Newer conservative premiers such as Doug Ford in Ontario and Jason Kenney in Alberta, among others, have been opposing the federal carbon tax and otherwise showing they are not eager to co-operate.
The Liberals are not expecting to face the same kind of opposition to enhancing the survivor’s benefit as they did to the carbon tax, but the frustration Trudeau appeared to express at the general state of things on Wednesday still shows the amount of discord around the table.
“People are choosing premiers who are choosing to use millions of dollars of your money to fight a concrete plan, to fight climate change in the courts,” he said at a campaign stop in Fredericton, “instead of figuring out to how to work with us to build a better future in which we can have a stronger environment and make life more affordable for all Canadians.”

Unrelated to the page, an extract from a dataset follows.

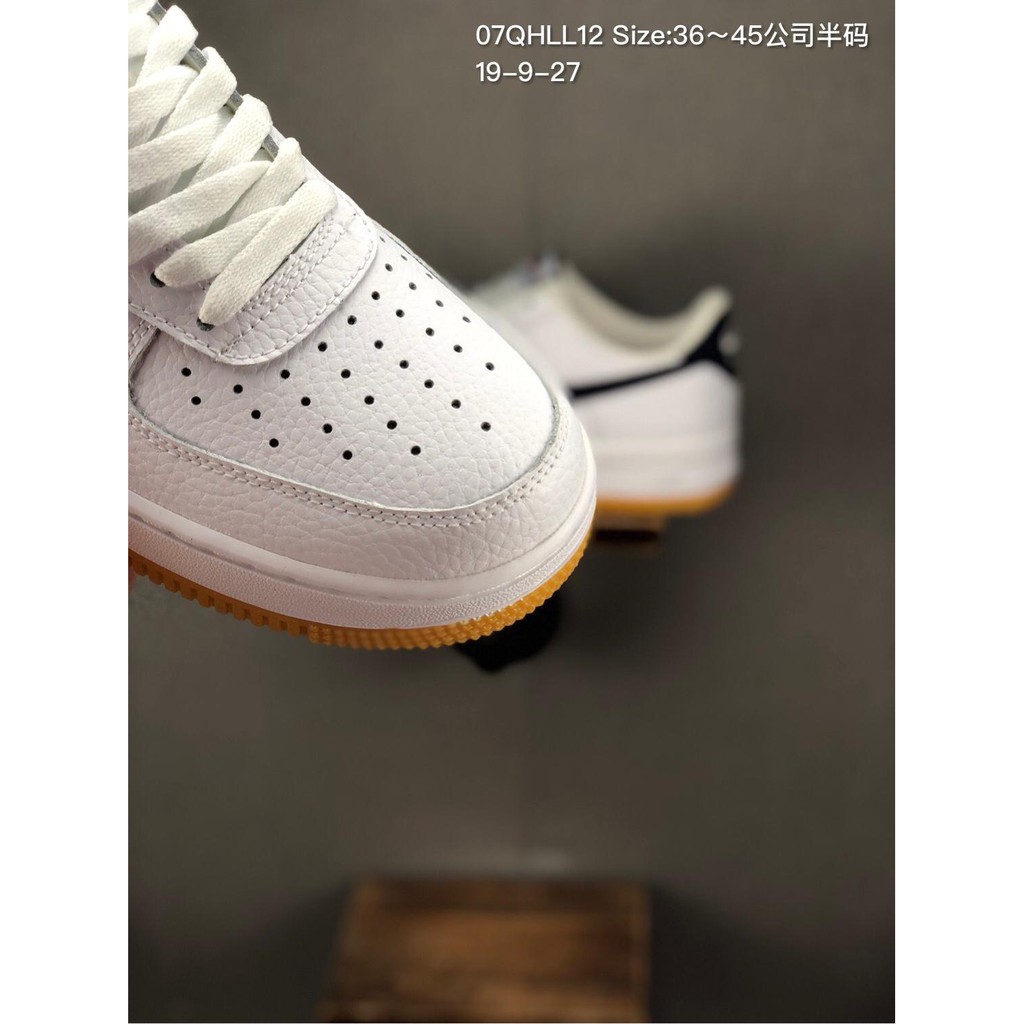 NIke Air Force 1'07 classic sneakers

Meanwhile, NDP Leader Jagmeet Singh promised to extend full public dental coverage to those whose household incomes are less than $70,000 year — billed as a move toward eventually including dentistry in universal public health care.
Singh said the NDP “denticare” plan, which would also include partial coverage for households with incomes between $70,000 and $90,000, was designed to be fully paid for by the federal government.

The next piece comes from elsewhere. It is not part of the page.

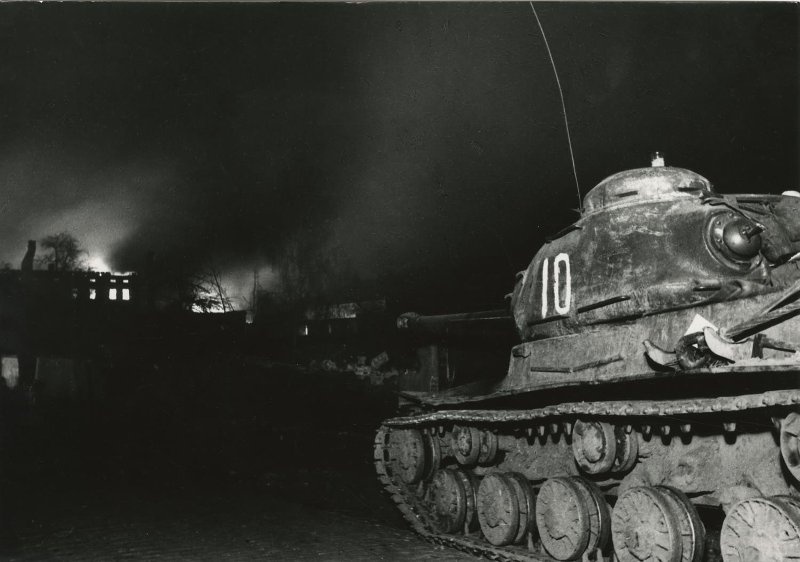 Ночной бой. 1-й Белорусский фронт, 1945 год, Германия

It is clear, though, that the NDP views this initial program as a stopgap.
As with the original creation of the public health care system, adding dental care to public coverage would require a long series of negotiations with the provinces and territories.
Singh hinted at those conversations to come when he said he hoped that by relieving the provinces of some of the burden, they would start looking at how they could expand their own existing programs that subsidize dental care.
“We don’t have control over those provincial programs,” Singh said in Sudbury, Ont. “They are good starts, but they don’t go far enough.”
Conservative Leader Andrew Scheer also faced questions Wednesday about how he would handle federal-provincial relations, specifically with Quebec.
On Tuesday, Quebec Premier Francois Legault issued a list of demands to the federal party leaders, asking for his province to have greater control over immigration, tax collection and language regulation.
Scheer said he is willing to work on eliminating federal-provincial duplication of labour market opinions for temporary foreign workers, which sometimes slow things down, and committed to changes that would see Quebecers file only one income tax return.
Quebec currently requires its residents to file separate tax forms, but is willing to combine them if Quebec gets to handle both the federal and provincial systems.
Scheer said he would also be prepared to stand up for his promised national energy corridor, even if it means having to assert federal jurisdiction over any opposition to pipelines that would run through Quebec.
“We have respect for provincial areas of jurisdiction and the other side of that coin is we also have respect for federal jurisdiction,” Scheer said in Hamilton on Wednesday.